Issue Report Resolution Time Prediction
Name
Myroslava Stavnycha
Abstract
Abstract:
Prediction of the resolution time of an issue report has always been an important, but difficult, task. The primary purpose of this study is to build a model that predicts the resolution time of incoming issue reports based on past issue report data. Moreover, additional goals of the research are to determine which existing approaches of resolution time prediction yield the highest levels of accuracy, and which features of issue reports are essential for prediction. The approach chosen for building an issue resolution time prediction model was to improve currently existing models applying additional reports pre-processing. The project was designed to analyse, combine, compare and improve different techniques of resolution time prediction. This includes k-means clustering, k-nearest neighbor classification, Naïve Bayes classification, decision trees, random forest and others, in order to achieve the best results with regards to prediction accuracy.
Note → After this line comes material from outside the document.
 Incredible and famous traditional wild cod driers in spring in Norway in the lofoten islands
For conducting the current research, data was collected from a repository of the Estonian company Fortumo OÜ. The data provided by Fortumo contained actual resolution times of 2125 issues from 25 Apr 2011 till 1 Jan 2015 along with initial time estimates made by Fortumo employees.
The data from the repository indicates that around 50% of the time estimates made by Fortumo employees fall into the range of ±10% of the actual resolution time. In addition, 67% of experts’ estimates have absolute error ≤ 0.5 hour. Existing proposed approaches don’t increase the predictive quality. On the contrary, proposed methods bring worse results. Random Forest and Ordered Logistic Regression, as the best among the proposed models, still produced a prediction quality 12-20% worse than the estimates of the experts. After improvement of the best performing approaches, meta-information-based models yielded a better accuracy than proposed models by up to 5%. However, text-based models produced a higher prediction quality, approximately up to 20% better than estimates made by experts.
Keywords:
Machine learning, data mining, prediction, k-means, k-nearest neighbours, random forest, ordered logistic regression, Naïve Bayes classifier, latent semantic analysis, issue report, resolution time
Graduation Thesis language
English
Graduation Thesis type
Master - Software Engineering
Supervisor(s)
Dietmar Pfahl
Defence year
2015